Home on the Range – A former New Yorker's guide to the Texas adjustment

“Have you tried the H-E-B up the road?” asked the bearded barista at Starbucks as he grabbed my breakfast — a cranberry-orange muffin — from the display case.

“It’s Easter. It’s closed.”

The bearded barista smiled, realizing how right I was and how silly his comment had been.

“Where are you from?” he asked, knowing I was not used to, nor pleased, that the otherwise fine folk of H-E-B lock their sliding doors when bunnies are about.

Now, in New York, we love our Jesus, our rabbits, our pretty egg hunts, but this was balls to the wall re-dick — that being: so grossly ridiculous the situation at hand doesn’t even deserve more than four consonants and two vowels to describe the matter, let alone an honest word in the dictionary. Re-dick! This was my birthday weekend. I wanted to make breakfast in bed for my girl; I was out of tortillas, milk, peppers, soap, and worst of all when a girl is camped out on your futon waiting for your eventual return, toilet paper.

To add insult to injury, the Albertson’s just around the corner folded shop two weeks back and the H-E-B was the only game save Wal-Mart, a 20-minute drive south of my doorstep. This never would have happened in New York.

My fiancée had taken me to the Alamo Drafthouse the night before to see Grindhouse (which actually features Austin’s Alamo Drafthouse in the second story) and I was still drunk with grand delusions of what a fine zombie killer I would make, not to mention how awesome my fiancée would look with a machine gun as a prosthetic limb. My dip toward rage must have been apparent to the bearded wonder fetching my muffin; he offered me a free shot of some new-wave caramel-espresso junk that tasted like a bunny egg.

But it was too late. My gears were turning and I was planning a way to obtain my peppers and toilet paper.

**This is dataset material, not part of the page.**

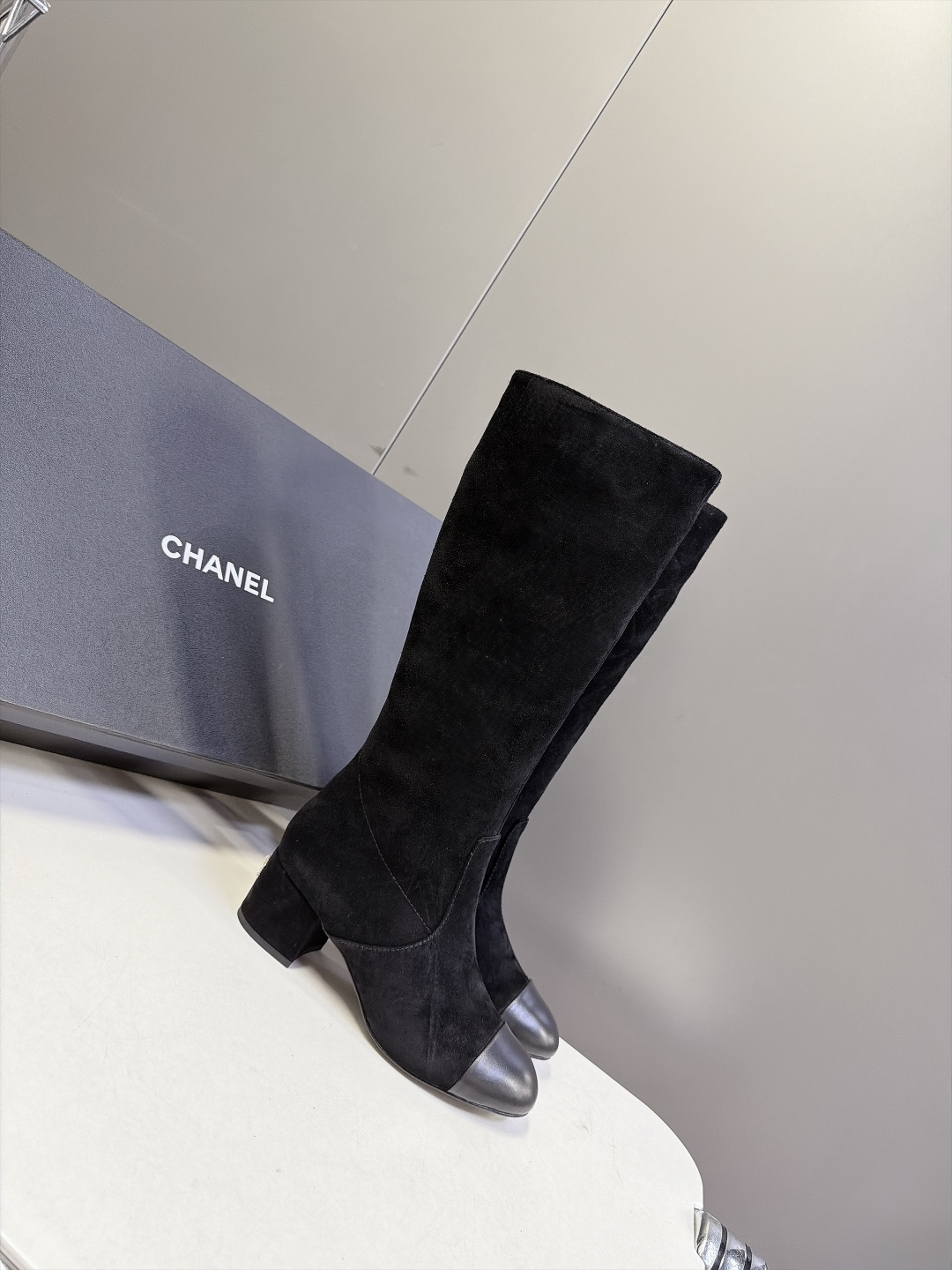 CHANEL香奈儿最新经典款双C直筒高筒长靴 超多明星网红种草 经典漆皮拼鞋头 香奈儿标志性元素 复古耐看 内侧拉链开合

I’m a simple man; I’m a writer, but my tax return says “College Professor.” Sunday mornings are important to me. I sleep in until seven (I traditionally rise at 4:30), have mud-black iced coffee, cook breakfast tacos in my boxers, watch the Sports Reports on ESPN, then Tim Russert on NBC, then grade papers at a medium pace whilst a sporting contest graces the television with the volume turned to mute until 60 Minutes comes on. With ever-present writing deadlines, lesson plans, and students to evaluate, I consider Sunday to be the one day of the week for me, the one day of the week I can listen to my fiancée talk about gardening and compost piles and all the other things she is interested in without her feeling as if she is blowing my time. And those Easter-lovin’ bunny fuckers at H-E-B weren’t about to ruin it for me.

It has been some time since I have broken into a building. (Mind you, the last time I did so it was my building, and I was locked out, and I never had to answer to anyone for that.) I know the
H-E-B like the back of my hand — I do shop there almost every day — and I would need to be in and out in 60 seconds before the fuzz busted me. I think I learned that from a Tarantino movie. And I knew just how I would do it.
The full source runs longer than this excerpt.